• [Requirement]:
Only the lines below starting at the one containing "Flannel BlanketKorn Warm" and ending at the one containing "10K Gelbgold Herz Charm Hohl Armband" belong in the answer, each copied exactly.

(Records from a data source)
═══

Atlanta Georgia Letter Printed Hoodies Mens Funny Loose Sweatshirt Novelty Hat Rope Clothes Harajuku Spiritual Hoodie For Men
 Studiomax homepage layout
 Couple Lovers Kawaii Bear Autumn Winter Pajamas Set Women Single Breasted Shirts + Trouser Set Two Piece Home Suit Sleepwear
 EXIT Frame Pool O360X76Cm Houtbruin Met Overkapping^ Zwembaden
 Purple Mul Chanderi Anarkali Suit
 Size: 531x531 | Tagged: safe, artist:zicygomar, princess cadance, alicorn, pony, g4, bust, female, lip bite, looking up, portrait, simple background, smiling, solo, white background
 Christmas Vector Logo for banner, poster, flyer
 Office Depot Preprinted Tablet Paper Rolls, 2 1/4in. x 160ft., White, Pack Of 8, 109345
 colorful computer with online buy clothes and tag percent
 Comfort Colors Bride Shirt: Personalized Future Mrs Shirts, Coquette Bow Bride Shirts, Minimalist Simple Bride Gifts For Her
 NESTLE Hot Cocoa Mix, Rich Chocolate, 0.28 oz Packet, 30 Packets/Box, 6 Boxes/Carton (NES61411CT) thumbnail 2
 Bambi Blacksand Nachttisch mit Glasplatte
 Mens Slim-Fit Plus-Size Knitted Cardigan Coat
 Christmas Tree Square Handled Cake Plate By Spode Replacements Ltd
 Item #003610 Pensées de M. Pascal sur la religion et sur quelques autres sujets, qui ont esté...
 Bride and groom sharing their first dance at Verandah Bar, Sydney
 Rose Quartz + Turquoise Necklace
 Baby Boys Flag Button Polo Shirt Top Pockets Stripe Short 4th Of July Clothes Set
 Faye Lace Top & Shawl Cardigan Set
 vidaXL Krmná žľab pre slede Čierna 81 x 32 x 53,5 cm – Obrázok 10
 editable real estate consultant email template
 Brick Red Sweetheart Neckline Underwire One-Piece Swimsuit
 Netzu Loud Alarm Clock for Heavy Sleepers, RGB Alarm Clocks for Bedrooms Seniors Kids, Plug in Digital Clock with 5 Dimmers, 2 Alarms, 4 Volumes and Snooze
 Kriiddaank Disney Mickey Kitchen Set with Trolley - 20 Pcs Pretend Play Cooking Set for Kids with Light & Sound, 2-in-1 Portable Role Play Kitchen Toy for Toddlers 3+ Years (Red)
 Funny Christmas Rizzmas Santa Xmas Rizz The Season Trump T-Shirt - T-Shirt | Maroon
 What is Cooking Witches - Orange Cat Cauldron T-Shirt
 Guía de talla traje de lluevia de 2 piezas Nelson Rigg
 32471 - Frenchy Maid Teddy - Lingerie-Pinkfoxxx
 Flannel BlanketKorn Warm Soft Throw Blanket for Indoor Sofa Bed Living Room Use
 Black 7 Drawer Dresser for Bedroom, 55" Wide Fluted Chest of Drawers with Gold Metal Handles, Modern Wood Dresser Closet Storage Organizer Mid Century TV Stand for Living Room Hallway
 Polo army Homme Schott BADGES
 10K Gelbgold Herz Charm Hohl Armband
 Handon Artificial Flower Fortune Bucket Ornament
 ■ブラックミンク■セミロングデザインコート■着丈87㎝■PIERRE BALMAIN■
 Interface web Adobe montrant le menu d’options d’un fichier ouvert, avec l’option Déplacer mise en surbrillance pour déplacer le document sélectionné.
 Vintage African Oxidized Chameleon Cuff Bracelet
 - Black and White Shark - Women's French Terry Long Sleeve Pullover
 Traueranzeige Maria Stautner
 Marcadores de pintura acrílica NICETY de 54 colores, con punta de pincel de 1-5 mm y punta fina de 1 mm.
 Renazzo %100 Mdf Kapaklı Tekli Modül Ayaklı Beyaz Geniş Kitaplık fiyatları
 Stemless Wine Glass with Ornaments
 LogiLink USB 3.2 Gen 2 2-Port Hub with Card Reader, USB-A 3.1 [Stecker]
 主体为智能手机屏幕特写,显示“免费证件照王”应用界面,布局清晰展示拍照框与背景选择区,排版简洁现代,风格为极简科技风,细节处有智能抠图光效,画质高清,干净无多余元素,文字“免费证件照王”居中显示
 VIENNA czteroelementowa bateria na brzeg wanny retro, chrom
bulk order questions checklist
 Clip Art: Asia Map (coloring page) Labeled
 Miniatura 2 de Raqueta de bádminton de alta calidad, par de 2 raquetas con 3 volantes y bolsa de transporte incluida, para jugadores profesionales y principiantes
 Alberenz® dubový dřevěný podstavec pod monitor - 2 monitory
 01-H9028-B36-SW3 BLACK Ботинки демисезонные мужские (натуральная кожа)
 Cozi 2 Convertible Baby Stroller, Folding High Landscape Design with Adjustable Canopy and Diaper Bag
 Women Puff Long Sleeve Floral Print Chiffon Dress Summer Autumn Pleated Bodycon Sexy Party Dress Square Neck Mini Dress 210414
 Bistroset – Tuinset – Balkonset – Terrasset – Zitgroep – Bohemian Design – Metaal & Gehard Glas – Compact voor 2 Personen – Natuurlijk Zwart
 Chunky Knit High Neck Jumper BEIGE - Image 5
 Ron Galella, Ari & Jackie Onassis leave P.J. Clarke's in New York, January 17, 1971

═══

• [Expected answer]:
 Flannel BlanketKorn Warm Soft Throw Blanket for Indoor Sofa Bed Living Room Use
 Black 7 Drawer Dresser for Bedroom, 55" Wide Fluted Chest of Drawers with Gold Metal Handles, Modern Wood Dresser Closet Storage Organizer Mid Century TV Stand for Living Room Hallway
 Polo army Homme Schott BADGES
 10K Gelbgold Herz Charm Hohl Armband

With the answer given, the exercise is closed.